I find that surprising. The conventional wisdom in my small part of the IT world was that garbage collection is faster. For example, allocation under GC is very simple. You have a big wodge of contiguous memory and you just take a slice off one end for your new object. With manual memory management, you typically have lists of free blocks of memory that have to be manipulated. There are other overheads too on deallocation, plus subtle things like keeping things together for better cache performance.
Of course, with a garbage collector, a lot of this work still has to happen but it's deferred until some condition triggers a collection. You may then get slow downs for brief periods but these are unlikely to be a serious problem for most general purpose systems.

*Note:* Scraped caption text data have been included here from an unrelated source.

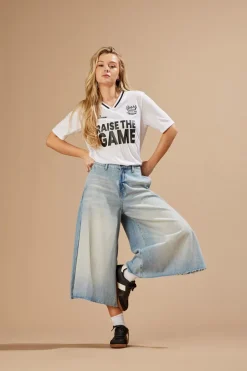 La Brea Lange Denimshorts, Light Blue Denim, S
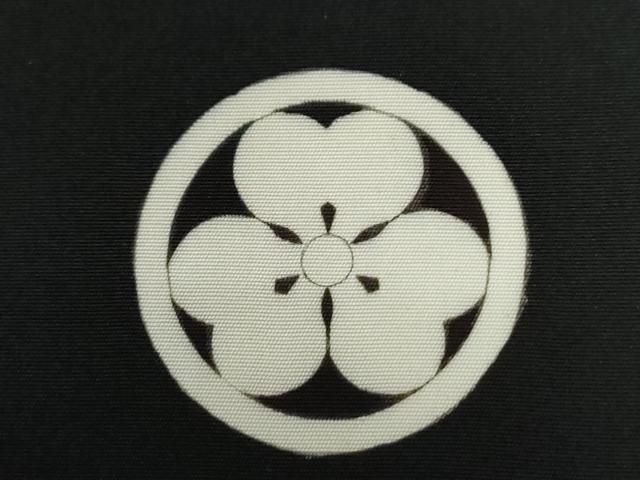 平和屋着物●男性 黒紋付 羽織セット 羽裏:遠山樹林文 正絹 逸品 CABG0183yc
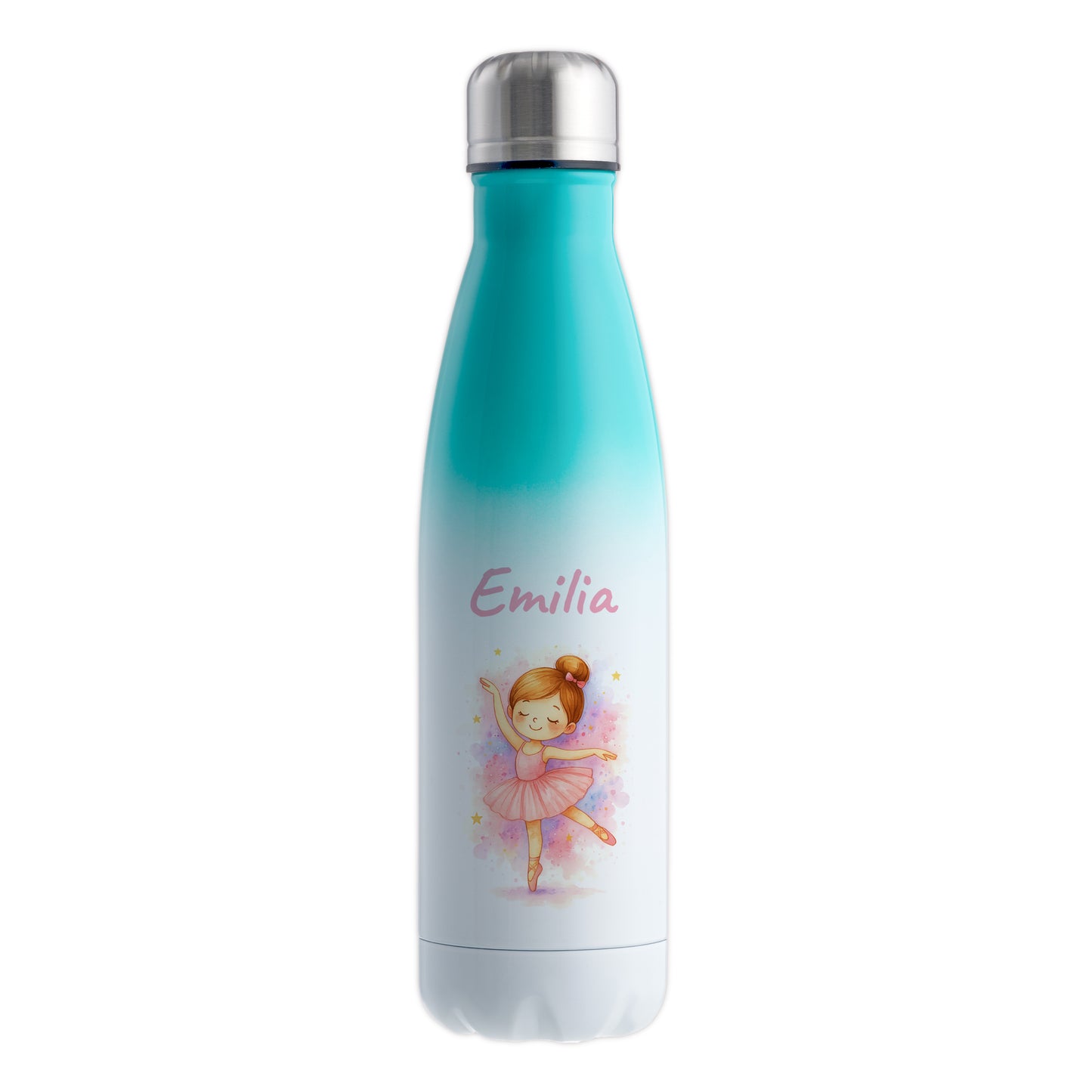 Thermoflasche 500ml in Weiß/Mint bedruckt mit tollen Motiven für Kinder "Ballerina" personalisierbar mit Wunschname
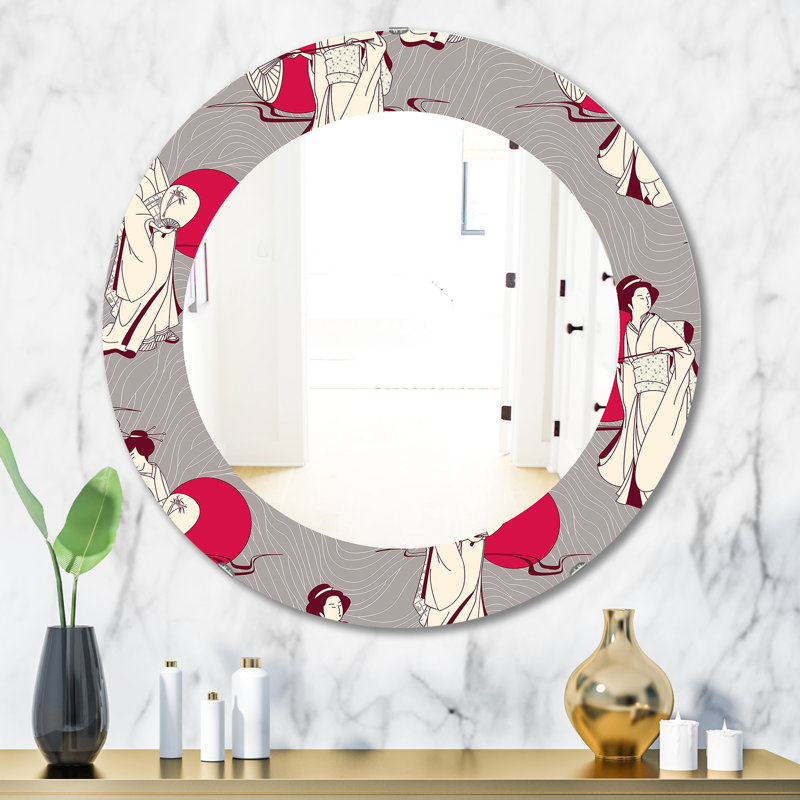 Miroir décoratif japonais Geisha, H 31,5 po x l po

In my experience at the time, precise garbage collection was almost always faster than manual deallocation. On the other hand, few programmers of that time used or cared about precise garbage collection. What they cared about was the performance of languages such as C and C++, which (due to their design) are unable to use precise garbage collection. Most empirical studies of that time therefore compared manual deallocation to the conservative (hence not precise) garbage collectors that were available for C and C++.
For his master's thesis, one of my PhD students constructed an implementation of Scheme that could use any of several different garbage collectors (including conservative, generational precise, and stop-and-copy precise), and used it to compare their performance on a number of allocation-intensive benchmarks. The conservative collector was competitive on some benchmarks, but often not competitive at all. For
his PhD dissertation, he (and I) designed, implemented, and benchmarked two new algorithms for precise generational collection, comparing their performance to the more traditional precise generational and stop-and-copy collectors. I don't think he bothered to benchmark against the conservative collector, but I'd have to check on that before I could be sure.
Another PhD student implemented and tested another novel gc algorithm, which is scalable in the sense of guaranteeing bounded latency regardless of data size and program behavior. We then published a couple of conference papers about that algorithm and its refinements, but the real-time gc world was (and continues to be) far more interested in algorithms that have to be fine-tuned for particular applications than in a general-purpose algorithm whose guaranteed latency is independent of the application program. Which goes some way toward explaining why we were never able to get the funding needed to build an industrial-quality implementation of our algorithm.
By the way, that second PhD student
(Felix Klock) served as senior lead of the Rust compiler team until 2023 and continues to contribute to the evolution of Rust's design.